A physical education teacher plays basketball or swims or whatever she or he teaches every day. A piano teacher plays the piano every day. A math teacher solves equations every day. A cooking teacher cooks every day. A reading teacher reads every day. Otherwise, you should not be a reading teacher.

It’s as simple as that. You teach reading, you read. If you cannot stand reading, if you hate reading, if you do not want to read, if you do not have time to read, my goodness, please find another job. Everybody else teaches what they do every day. You must read every day.

Now, to go back to my metaphor about driving and swimming. We learn to read using paragraphs and newspapers and easy stuff like that. But in real life, newspapers are not enough. You know this. You know why everybody has to read books. To survive in this world, which is very, very complex, everybody has to read books. They may read them now on the Web or on handheld computers, but they read them. We reading teachers like to point to the Harry Potter books as proof that everything is not lost for books, because more people bought those books than bought computers. But if everyone read only about Harry Potter, the human race would be in big trouble. We need to read the Great Books, and I don’t think even Rowling would consider her books Great Books. There is a danger that our students will consider her books Great Books. That is the danger that is facing us today. That is the challenge that we have today. We must get our students to read all those books that you have in those lists that you made.

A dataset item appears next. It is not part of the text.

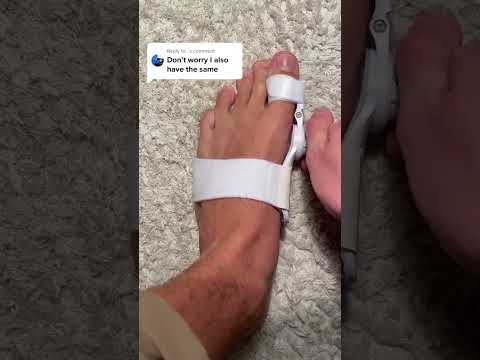 Orthopedic Toe Corrector - Say Goodbye to Foot Pain #gadgetlover #shorts #health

They may not read them in our classes, but they have to read them sometime before they die, or believe me, they will die. They will die not only spiritually or intellectually, but even physically. For only those that have learned the lessons of the past will survive the present, and there is only one way to talk to the people in the past, and that is to read what they wrote.

Tell me what you read and I will tell you who you are. Teach that to your students and you have become a truly reading reading teacher.

(Keynote address at the “Seminar on The Teacher as Reader and the Reader as Teacher” of the Nilda Sunga Training Center in Quezon City, Philippines, on 16 May 2008.)